A close-up of the canyons on Charon, taken by New Horizons’ LORRI instrument during the spacecraft’s close approach to the Pluto system on July 14, 2015. When New Horizons took this image, a distance of 48,900 miles (78,700 km) separated the spacecraft and Charon. The image measures 240 miles (386 km) long and 110 miles (175 km) wide. Multiple views taken by the spacecraft as it passed by the Pluto’s largest moon allow stereo measurements of topography, shown in the color-coded version of the image. The scale bar indicates relative elevation.

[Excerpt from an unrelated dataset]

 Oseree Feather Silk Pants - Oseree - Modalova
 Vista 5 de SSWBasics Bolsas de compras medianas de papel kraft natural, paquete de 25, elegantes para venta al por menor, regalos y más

Image credit: NASA / Johns Hopkins University Applied Physics Laboratory / Southwest Research Institute.
The side of Charon viewed by NASA’s passing New Horizons in July 2015 is characterized by a system of ‘pull apart’ tectonic faults, which are expressed as ridges, scarps and valleys.
Charon’s tectonic landscape shows that, somehow, the moon expanded in its past, and the surface fractured as it stretched.
According to members of the New Horizons science team, the moon’s outer layer is primarily water ice.
When Charon was young this layer was warmed by the decay of radioactive elements, as well as its own internal heat of formation.
New Horizons planetary researchers said that Charon could have been warm enough to cause the water ice to melt deep down, creating a subsurface ocean.
But as the moon cooled over time, this ocean would have frozen and expanded, lifting the outermost layers of the moon and producing the massive chasms we see today.
The top segment of this image shows a section of Serenity Chasma, part of a vast equatorial belt of chasms on Charon.
In fact, this system of chasms is one of the longest seen anywhere in the Solar System, running at least 1,100 miles (1,800 km) long and reaching 4.5 miles (7.5 km) deep.
The lower portion of the image shows color-coded topography of the same scene.
Measurements of the shape of this feature tell the New Horizons team that Charon’s water-ice layer may have been at least partially liquid in its early history, and has since refrozen.
New Horizons is currently 3.3 billion miles (5.31 billion km) from Earth and 162.7 million miles (261.8 million km) beyond Pluto, with all systems healthy and operating normally.
The spacecraft is on course for a close flyby of a small Kuiper Belt object, 2014 MU69, in January 2019.